In four years at Oceanspirit, I’ve never seen a lamb being born here. This is good because it means they have all happened smoothly, but I still wanted to see one arrive.

Barack, the black ram lamb, was intrigued that the ewe had a face at both ends. Every time the ewe looked like actually doing something about being in labour, Barack’s unwelcome attention made her walk on again. I didn’t want to interfere because surely Mama knows best, but Barack was disrupting labour. I separated the flock into two groups with Barack in the paddock and the labouring ewe in the orchard.

Sheep are flock animals. They don’t like being separated. They all started stressing, which stressed the ewe in labour so I put them all in the orchard. Barack continued his obsession.
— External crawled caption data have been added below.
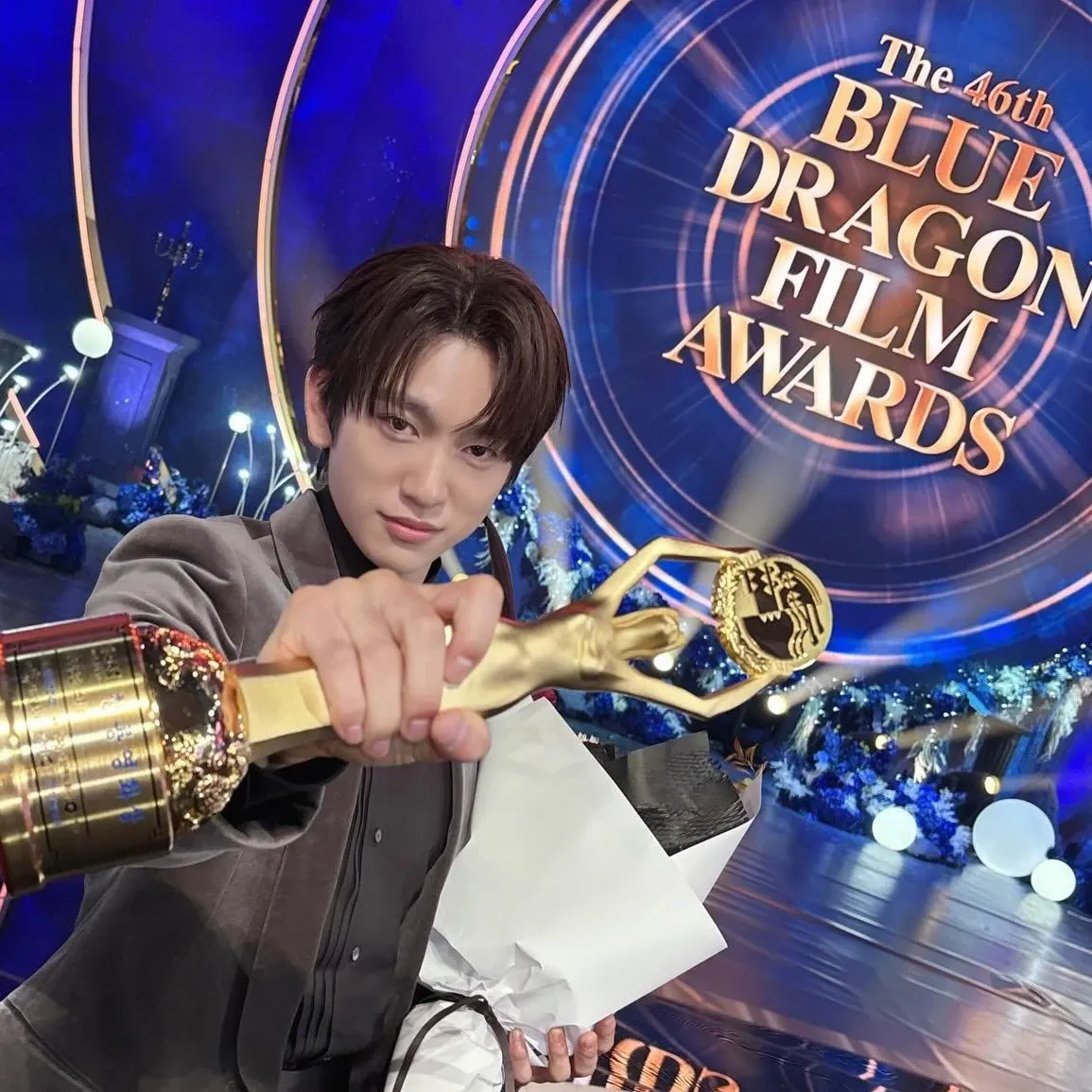 A moment captured by a fan of Park Jinyoung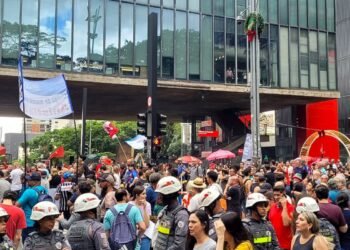 Em várias capitais, manifestantes vão às ruas contra PL da Dosimetria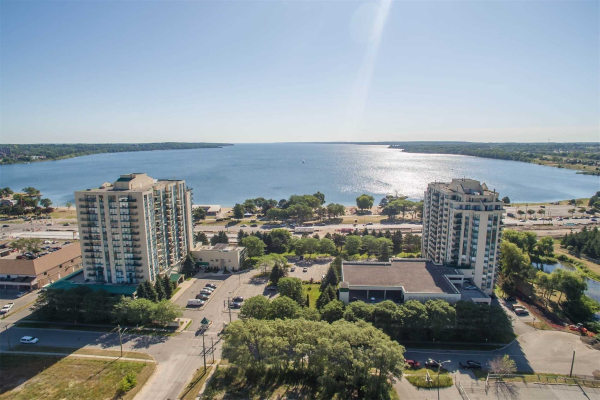 75 Ellen St, Barrie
Barack doesn’t know how lucky he is. He was one of 14 rams born this year, from 17 lambs. That’s a high rate of ram lambs to ewes. Normally all the rams would be neutered to wethers and fattened up for the freezer or, as my friend’s farming father used to tell her, sent to a happy place in Motueka.

The rams are neutered to make them delicious. If they are kept entire and start working, their meat will be tainted. Entire? Working? This is Farmlish.

Entire means they keep their balls and working means sexually active. When a farmer told me how to put a ring on a lamb’s testicles, he said: “Make sure you get both stones in the bag.” That’s Farmlish. Like my schoolgirl French, I can understand it but it’s all wrong when I try to speak it.

Of those 14 ram lambs, only Barack was allowed to stay entire. He replaced Willy, who got fired. Willy came to Oceanspirit gentle as a lamb at nine months old, but at age two, he was a ram by name and by nature. One day I tried to move Willy against his wishes. He laid back his ears and eyes and charged: 120kg of ram. He had three serious goes at me. I kept him at bay with a big scary voice but our friendship never recovered. He even tried to charge me through the fence.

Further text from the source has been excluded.